Antidepressant worked to ease anxiety and improve walking ability

Cognitive assessments done when the girl was 6 showed she had challenges with cognition and communication compared with what would be expected for a typically-developing child. She also met criteria for autism spectrum disorder, as she engaged in atypical repetitive movements, such as flapping her hands, and had limited ability to engage in typical social interactions.

A psychiatric assessment done the next year also noted that the girl showed signs of notable anxiety — she often seemed fearful when attempting to move objects with her hands or during care routines like bathing, and her mood could quickly shift from laughter to tears.

Behavioral and occupational therapy were not helping with these issues, and the researchers noted that other members of the girl’s family had also reported clinically relevant anxiety.

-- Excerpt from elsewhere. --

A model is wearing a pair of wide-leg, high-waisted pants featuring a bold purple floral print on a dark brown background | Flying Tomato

Because the girl hadn’t experienced any abnormal movements since getting Upstaza, clinicians and the child’s parent made the collaborative decision to try sertraline.

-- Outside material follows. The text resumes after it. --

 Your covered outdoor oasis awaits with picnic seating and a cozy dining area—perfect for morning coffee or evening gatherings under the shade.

“There are no data to guide psychiatric care post-gene therapy for AADC or other neurologic disorders to date,” the researchers noted.

In this particular case, the treatment “was well tolerated and resulted in marked reductions in anxiety,” the team wrote.

[The child] was able to engage more thoroughly in therapy, including expressing a choice, signing for more, nodding yes/no, [and] using an augmentative/alternative communication system.

After starting on the SSRI, the girl “was able to engage more thoroughly in therapy, including expressing a choice, signing for more, nodding yes/no, [and] using an augmentative/alternative communication system,” the researchers wrote. She also was better able to feed herself and walk independently.

The scientists noted that it’s impossible to draw far-reaching conclusions from this one report, and they also cautioned it’s impossible to definitively conclude whether these improvements were due to setraline, or were delayed benefits from Upstaza, or both. The team called for more studies into the possible use of SSRIs post-Upstaza.

Until there’s well-established information, the scientists stressed it’s important for clinicians to work with patients’ families when making treatment decisions, writing, “collaboration across disciplines and with family partners is essential.”

The use of “novel as well as commonly prescribed therapies [should be] included in case descriptions of rare genetic conditions, as well as in longitudinal rare disease registries,” the team also noted.